# Assignment:
Repeat the listing exactly, line by line, and leave the pictures behind.
======== Supplied information
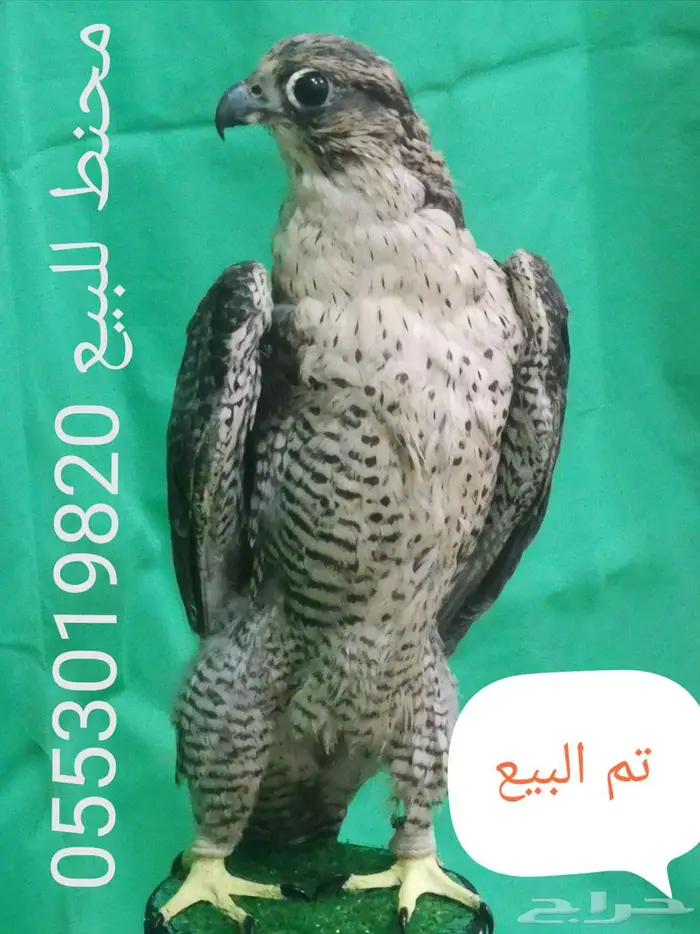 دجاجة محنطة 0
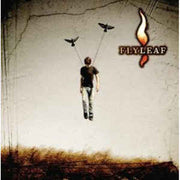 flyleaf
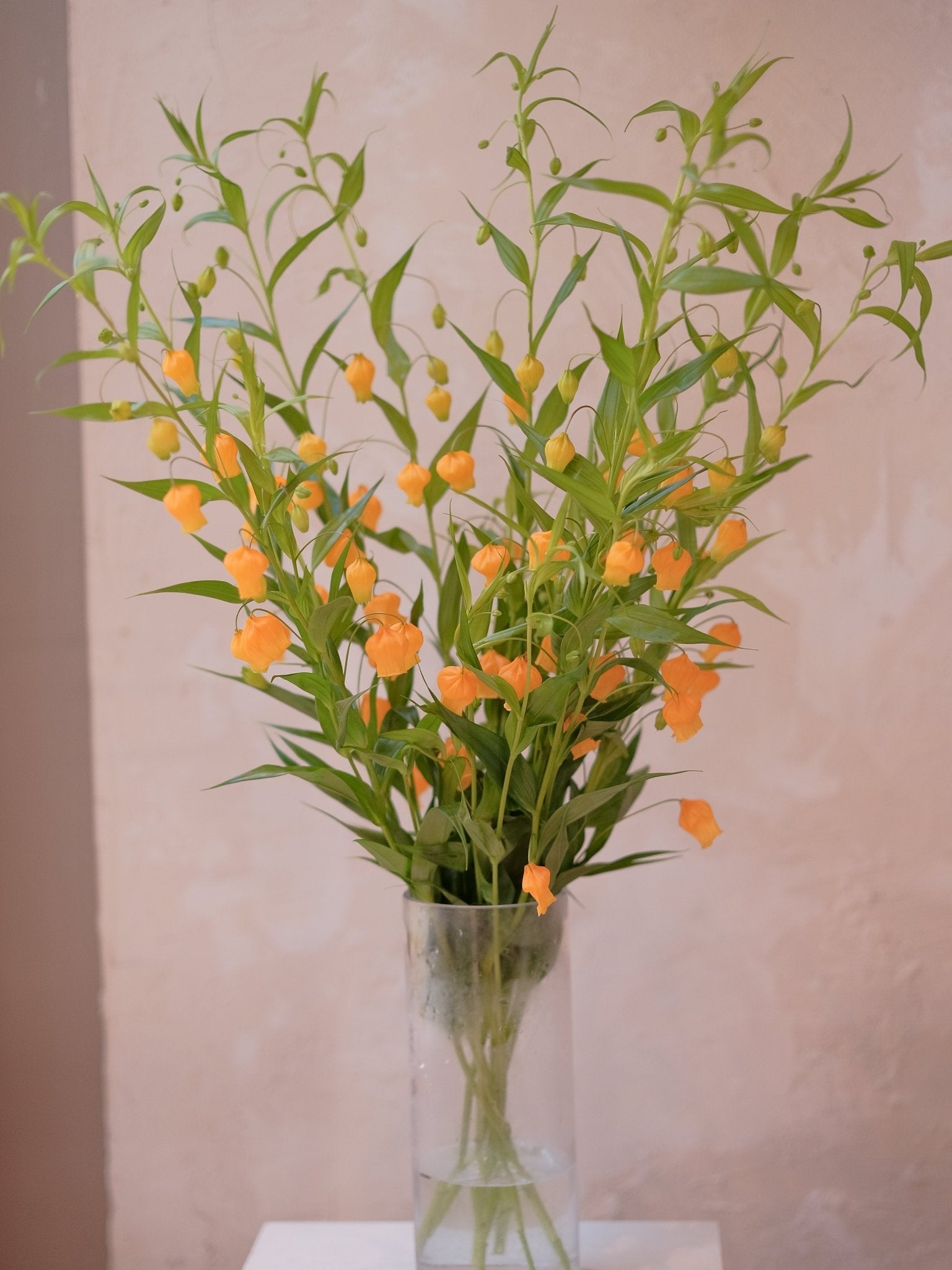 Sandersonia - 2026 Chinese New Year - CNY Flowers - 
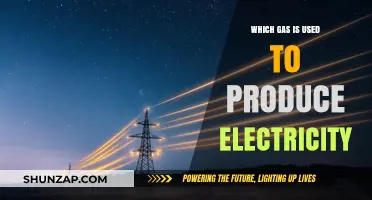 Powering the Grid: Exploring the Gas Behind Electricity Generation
================
# Output of the exercise:
 دجاجة محنطة 0
 flyleaf
 Sandersonia - 2026 Chinese New Year - CNY Flowers - 
 Powering the Grid: Exploring the Gas Behind Electricity Generation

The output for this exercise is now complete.